However, as the Seventh Circuit has pointed out, "[The] wrongdoer must not be allowed to profit from his wrong by recovering property that he had parted with in order to thwart his creditors. That reason falls out [where the owner and controlling shareholder of the corporations] has been ousted from control of and beneficial interest in the corporations. The appointment of the receiver removed the wrongdoer from the scene." Scholes v. Lehmann, 56 F.3d 750, 754 (1995).

The Insurers rely on cases that involve fidelity bonds which define an "employee" as, inter alia, one whom the insured has the "right to control". The Insurers contend there is no logical reason why the same result should not be obtained in this case as in the instances where the "right to control" language exists.

However, if the terms of an insurance contract are clear and unambiguous, a court must enforce the plain, ordinary, and common meaning of those terms. See American Home Products Corp. v. Liberty Mutual Ins. Co., 565 F. Supp. 1485 (S.D.N.Y. 1983), aff'd, 748 F.2d 760 (2d Cir. 1984); State Farm Mutual Auto Ins. Co. v. Bentley, 691 N.Y.S.2d 603, 604 (3d Dep't 1999). Here the terms are clear and unambiguous — "employee" is defined to include an "officer" without limitation to whether the corporation had the right to govern or control such officer, and Blech was an officer. The Insurers wish to rewrite the policy to include the "govern or control" language as a "logical" extension of the nature of the risk insured by such fidelity coverage.

From their citation to other fidelity policy language that contains the "govern and direct" requirement, the Insurers were well aware that they could have used a definition of "employee" that would have excluded Blech.
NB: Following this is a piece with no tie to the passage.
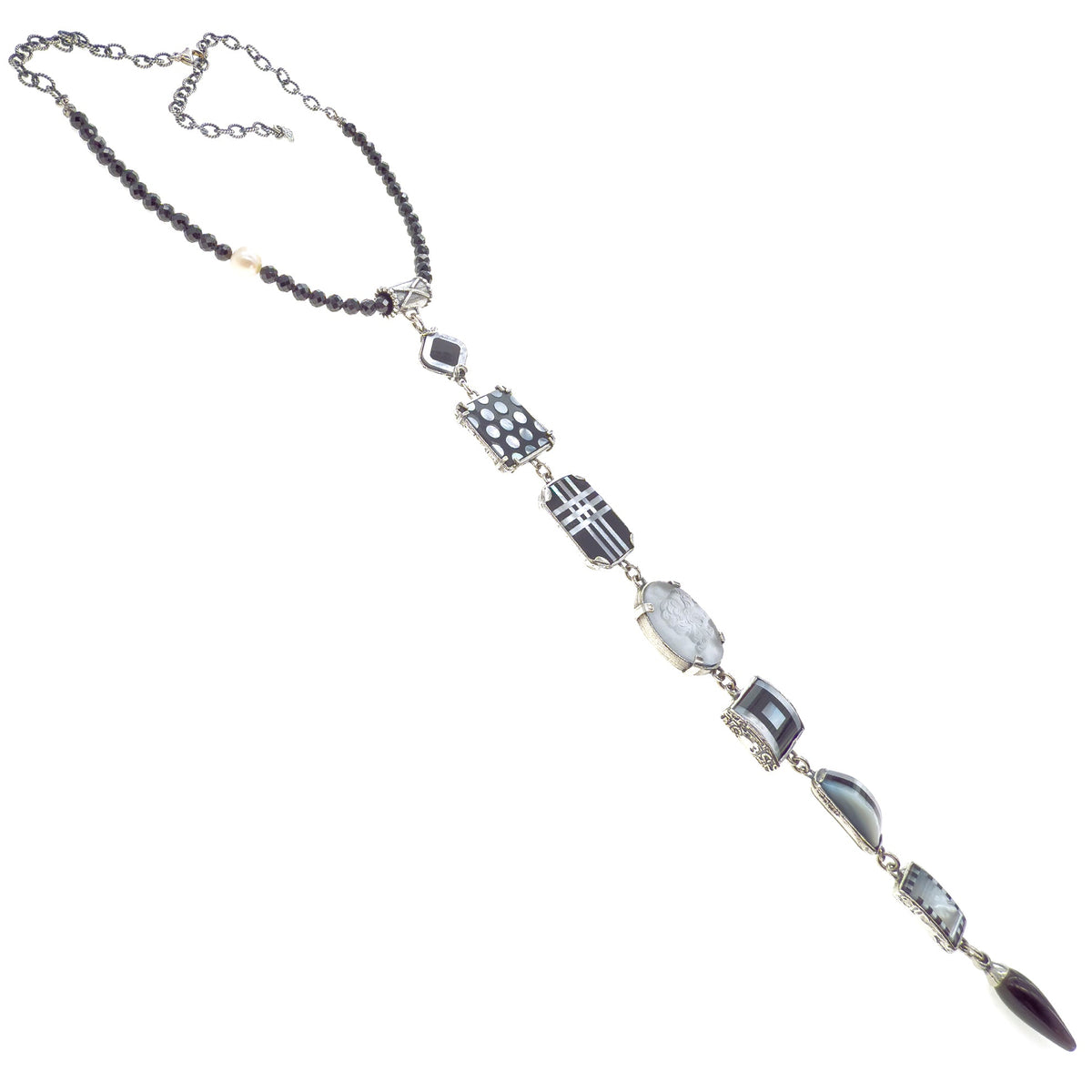 Black And White Geometric Y-Necklace – Sterling Silver – Gem Kingdom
Courts enforce the plain and ordinary meaning or terms in insurance policies and having drafted the policy language without a "govern and direct" requirement, the Insurers must live with the policy language they wrote. See American Home Products Corp. v. Liberty Mutual Ins. Co., 565 F. Supp. 1485, 1492 (S.D.N.Y. 1983), aff'd, 748 F.2d 760 (2d Cir. 1984).

Accordingly, the alter ego defense fails as a matter of law and is stricken as legally insufficient pursuant to Rule 12, Fed.R.Civ.P.*fn14

IV. The Fraudulent Claims Defense Must Be Tried

The sixth affirmative defense seeks to void the Policies because prior fraudulent claims are alleged to have been submitted by CBL.

The substance of the Insurers' defense is that both the Fortune Financial and the Colorado Casino claims were fraudulent and pursuant to Condition 12 of the Primary Policy quoted above, the Policies were voided. Insurers, by way of cross-motion, have sought summary judgment on this point, and the Receiver in his reply seeks the same. Because there exist disputed issues of material fact with respect to this defense, the motions for summary judgment are denied.

An insurer that asserts an affirmative defense as a bar to a cause of action has the burden of proving all the essential elements necessary to that defense. Deitsch Textiles, Inc. v. N Y Prop. Ins. Underwriting Ass'n., 468 N.E.2d 669 (N.Y. 1984); Varda, Inc. v. Ins. Co. of N. Am., 45 F.3d 634, 639 (2d Cir. 1995); Fiorillo v. Cent. Ins. Co., 46 N.Y.S.2d 108, 110 (3d Dep't 1943); O'Connell v. Pearl Assurance, [1995] 2 Lloyd's Rep. 479, 480 (Otton, J.). For purposes of summary judgment, the Insurers must establish that the following facts are undisputed: (i) that the Colorado Casino or Fortune Financial certificates were not lost; (ii) that CBL submitted a materially false claim with an intent to defraud them;*fn15 and (iii) that the prior claim was submitted under the Primary and First Excess Crime Policies.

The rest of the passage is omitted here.